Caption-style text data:
=== Begin Enclosure ===
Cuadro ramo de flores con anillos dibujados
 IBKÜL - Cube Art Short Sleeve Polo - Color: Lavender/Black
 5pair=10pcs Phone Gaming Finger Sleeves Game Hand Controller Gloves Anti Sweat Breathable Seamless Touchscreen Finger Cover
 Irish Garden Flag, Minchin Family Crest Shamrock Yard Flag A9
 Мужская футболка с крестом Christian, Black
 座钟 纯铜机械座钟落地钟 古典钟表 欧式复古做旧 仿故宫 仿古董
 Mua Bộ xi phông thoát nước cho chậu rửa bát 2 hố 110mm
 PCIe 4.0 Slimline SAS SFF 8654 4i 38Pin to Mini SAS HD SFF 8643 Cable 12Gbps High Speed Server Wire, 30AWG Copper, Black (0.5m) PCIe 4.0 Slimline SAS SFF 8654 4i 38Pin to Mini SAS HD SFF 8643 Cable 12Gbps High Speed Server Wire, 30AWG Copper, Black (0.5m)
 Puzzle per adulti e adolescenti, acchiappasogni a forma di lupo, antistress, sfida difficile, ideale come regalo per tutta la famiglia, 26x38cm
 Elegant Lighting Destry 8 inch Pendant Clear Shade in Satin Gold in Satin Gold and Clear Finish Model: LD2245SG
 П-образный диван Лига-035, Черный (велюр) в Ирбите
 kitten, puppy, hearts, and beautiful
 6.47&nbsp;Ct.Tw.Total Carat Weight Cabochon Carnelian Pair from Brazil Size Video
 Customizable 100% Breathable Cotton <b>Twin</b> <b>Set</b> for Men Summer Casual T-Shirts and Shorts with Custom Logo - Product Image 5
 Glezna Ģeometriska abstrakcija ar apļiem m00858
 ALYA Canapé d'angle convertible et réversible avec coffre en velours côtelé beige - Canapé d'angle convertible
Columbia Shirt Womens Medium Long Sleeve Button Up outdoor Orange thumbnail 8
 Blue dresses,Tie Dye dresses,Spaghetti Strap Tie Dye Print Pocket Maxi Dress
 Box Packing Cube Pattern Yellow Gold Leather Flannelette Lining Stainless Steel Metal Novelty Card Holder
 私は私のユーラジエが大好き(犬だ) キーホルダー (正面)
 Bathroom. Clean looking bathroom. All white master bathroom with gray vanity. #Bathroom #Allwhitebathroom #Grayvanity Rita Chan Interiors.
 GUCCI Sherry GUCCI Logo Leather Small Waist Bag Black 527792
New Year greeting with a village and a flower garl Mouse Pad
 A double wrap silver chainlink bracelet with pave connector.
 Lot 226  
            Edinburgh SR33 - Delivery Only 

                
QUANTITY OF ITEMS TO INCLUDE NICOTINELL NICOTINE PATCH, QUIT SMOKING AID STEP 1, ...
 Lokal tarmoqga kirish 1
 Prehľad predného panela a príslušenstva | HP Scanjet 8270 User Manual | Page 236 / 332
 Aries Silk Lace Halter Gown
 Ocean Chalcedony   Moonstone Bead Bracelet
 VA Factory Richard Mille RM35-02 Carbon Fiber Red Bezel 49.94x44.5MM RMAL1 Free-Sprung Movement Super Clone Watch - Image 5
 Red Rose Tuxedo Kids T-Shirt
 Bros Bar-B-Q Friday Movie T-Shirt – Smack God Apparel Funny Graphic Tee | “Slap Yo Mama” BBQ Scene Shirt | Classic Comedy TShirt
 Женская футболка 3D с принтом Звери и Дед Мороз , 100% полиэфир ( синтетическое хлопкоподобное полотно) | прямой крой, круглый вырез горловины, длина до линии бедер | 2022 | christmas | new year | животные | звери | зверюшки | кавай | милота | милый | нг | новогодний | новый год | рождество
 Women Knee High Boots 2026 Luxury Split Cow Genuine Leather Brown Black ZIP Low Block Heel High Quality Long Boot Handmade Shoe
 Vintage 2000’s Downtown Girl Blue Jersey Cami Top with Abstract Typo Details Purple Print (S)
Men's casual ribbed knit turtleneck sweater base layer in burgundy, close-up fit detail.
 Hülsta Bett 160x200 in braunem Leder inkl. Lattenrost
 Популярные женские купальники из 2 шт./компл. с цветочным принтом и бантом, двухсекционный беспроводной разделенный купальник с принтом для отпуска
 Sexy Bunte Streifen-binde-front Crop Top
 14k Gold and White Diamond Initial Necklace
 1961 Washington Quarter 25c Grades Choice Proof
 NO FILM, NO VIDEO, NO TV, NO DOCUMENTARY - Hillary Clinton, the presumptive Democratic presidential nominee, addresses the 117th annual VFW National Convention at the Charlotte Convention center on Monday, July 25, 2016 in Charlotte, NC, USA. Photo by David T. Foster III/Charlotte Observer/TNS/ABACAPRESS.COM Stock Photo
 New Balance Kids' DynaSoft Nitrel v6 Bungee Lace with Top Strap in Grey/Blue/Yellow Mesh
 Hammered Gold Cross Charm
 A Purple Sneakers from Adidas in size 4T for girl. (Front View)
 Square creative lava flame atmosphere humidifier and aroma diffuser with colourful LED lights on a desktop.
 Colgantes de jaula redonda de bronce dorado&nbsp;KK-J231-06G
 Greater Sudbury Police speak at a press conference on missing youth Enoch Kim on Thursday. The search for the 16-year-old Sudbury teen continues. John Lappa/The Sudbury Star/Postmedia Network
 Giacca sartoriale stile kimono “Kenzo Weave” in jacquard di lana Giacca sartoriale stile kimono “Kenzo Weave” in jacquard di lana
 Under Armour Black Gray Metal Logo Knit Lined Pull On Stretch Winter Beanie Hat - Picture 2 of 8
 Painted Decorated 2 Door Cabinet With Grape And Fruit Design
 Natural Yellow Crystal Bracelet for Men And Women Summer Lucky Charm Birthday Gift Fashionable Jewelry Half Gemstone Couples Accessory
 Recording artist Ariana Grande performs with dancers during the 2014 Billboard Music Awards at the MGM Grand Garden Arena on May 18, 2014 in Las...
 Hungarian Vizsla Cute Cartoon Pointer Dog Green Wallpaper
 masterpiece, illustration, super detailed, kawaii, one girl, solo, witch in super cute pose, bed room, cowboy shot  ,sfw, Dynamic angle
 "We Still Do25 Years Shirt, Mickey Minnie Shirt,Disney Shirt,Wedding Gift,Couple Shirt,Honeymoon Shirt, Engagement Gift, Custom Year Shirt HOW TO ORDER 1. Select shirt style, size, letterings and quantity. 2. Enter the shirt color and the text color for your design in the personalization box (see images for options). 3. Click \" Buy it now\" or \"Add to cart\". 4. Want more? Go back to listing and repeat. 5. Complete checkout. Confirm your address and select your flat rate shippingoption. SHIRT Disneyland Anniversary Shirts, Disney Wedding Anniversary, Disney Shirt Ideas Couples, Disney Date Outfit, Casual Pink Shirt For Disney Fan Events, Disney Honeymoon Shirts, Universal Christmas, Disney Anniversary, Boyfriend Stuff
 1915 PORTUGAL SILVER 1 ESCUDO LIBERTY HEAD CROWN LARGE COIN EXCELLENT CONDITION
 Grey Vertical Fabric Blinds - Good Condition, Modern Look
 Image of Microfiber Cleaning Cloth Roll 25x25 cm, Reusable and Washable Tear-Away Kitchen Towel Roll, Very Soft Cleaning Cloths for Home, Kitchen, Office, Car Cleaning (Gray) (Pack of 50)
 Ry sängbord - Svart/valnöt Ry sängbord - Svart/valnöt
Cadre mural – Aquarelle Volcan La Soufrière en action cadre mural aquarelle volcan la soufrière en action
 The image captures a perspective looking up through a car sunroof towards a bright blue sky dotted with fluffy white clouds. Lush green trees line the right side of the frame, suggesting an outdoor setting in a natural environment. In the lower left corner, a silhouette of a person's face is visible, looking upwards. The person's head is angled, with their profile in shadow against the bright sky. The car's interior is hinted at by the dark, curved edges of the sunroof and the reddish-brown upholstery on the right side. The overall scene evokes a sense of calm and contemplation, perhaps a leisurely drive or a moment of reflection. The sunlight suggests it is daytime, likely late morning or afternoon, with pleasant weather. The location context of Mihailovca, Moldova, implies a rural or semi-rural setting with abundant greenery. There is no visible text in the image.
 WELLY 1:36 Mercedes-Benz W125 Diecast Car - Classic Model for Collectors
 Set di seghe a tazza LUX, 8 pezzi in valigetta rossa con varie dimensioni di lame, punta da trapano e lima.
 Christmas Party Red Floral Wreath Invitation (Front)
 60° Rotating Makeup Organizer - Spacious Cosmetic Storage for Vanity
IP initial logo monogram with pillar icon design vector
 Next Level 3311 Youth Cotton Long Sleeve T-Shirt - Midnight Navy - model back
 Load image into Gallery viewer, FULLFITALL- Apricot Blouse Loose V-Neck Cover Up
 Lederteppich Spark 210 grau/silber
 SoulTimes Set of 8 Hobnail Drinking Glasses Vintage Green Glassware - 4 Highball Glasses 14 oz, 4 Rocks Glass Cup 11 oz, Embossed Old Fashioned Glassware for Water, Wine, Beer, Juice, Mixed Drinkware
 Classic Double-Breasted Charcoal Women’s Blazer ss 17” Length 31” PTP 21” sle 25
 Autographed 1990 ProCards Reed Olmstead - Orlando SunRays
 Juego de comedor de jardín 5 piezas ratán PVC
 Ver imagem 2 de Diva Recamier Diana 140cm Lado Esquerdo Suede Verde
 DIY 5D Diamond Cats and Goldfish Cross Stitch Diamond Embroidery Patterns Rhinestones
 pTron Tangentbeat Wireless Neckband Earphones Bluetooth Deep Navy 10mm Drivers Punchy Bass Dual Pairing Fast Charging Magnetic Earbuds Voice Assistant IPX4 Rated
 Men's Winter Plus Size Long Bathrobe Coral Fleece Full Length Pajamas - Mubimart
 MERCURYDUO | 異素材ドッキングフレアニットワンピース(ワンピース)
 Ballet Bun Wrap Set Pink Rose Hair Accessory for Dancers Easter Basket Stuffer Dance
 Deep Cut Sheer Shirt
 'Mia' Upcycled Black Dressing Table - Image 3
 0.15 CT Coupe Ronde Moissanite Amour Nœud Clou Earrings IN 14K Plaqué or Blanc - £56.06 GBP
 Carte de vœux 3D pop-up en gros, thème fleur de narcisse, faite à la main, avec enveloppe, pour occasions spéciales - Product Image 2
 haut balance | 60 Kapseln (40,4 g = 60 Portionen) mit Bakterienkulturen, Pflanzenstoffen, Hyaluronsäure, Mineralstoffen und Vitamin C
=== End Enclosure ===
[Aim of the exercise]
Above are the records; repeat exactly the lines from the one holding "WELLY 1:36 Mercedes-Benz" down to the one holding "pTron Tangentbeat Wireless", end lines included.

[Result for this task]
 WELLY 1:36 Mercedes-Benz W125 Diecast Car - Classic Model for Collectors
 Set di seghe a tazza LUX, 8 pezzi in valigetta rossa con varie dimensioni di lame, punta da trapano e lima.
 Christmas Party Red Floral Wreath Invitation (Front)
 60° Rotating Makeup Organizer - Spacious Cosmetic Storage for Vanity
IP initial logo monogram with pillar icon design vector
 Next Level 3311 Youth Cotton Long Sleeve T-Shirt - Midnight Navy - model back
 Load image into Gallery viewer, FULLFITALL- Apricot Blouse Loose V-Neck Cover Up
 Lederteppich Spark 210 grau/silber
 SoulTimes Set of 8 Hobnail Drinking Glasses Vintage Green Glassware - 4 Highball Glasses 14 oz, 4 Rocks Glass Cup 11 oz, Embossed Old Fashioned Glassware for Water, Wine, Beer, Juice, Mixed Drinkware
 Classic Double-Breasted Charcoal Women’s Blazer ss 17” Length 31” PTP 21” sle 25
 Autographed 1990 ProCards Reed Olmstead - Orlando SunRays
 Juego de comedor de jardín 5 piezas ratán PVC
 Ver imagem 2 de Diva Recamier Diana 140cm Lado Esquerdo Suede Verde
 DIY 5D Diamond Cats and Goldfish Cross Stitch Diamond Embroidery Patterns Rhinestones
 pTron Tangentbeat Wireless Neckband Earphones Bluetooth Deep Navy 10mm Drivers Punchy Bass Dual Pairing Fast Charging Magnetic Earbuds Voice Assistant IPX4 Rated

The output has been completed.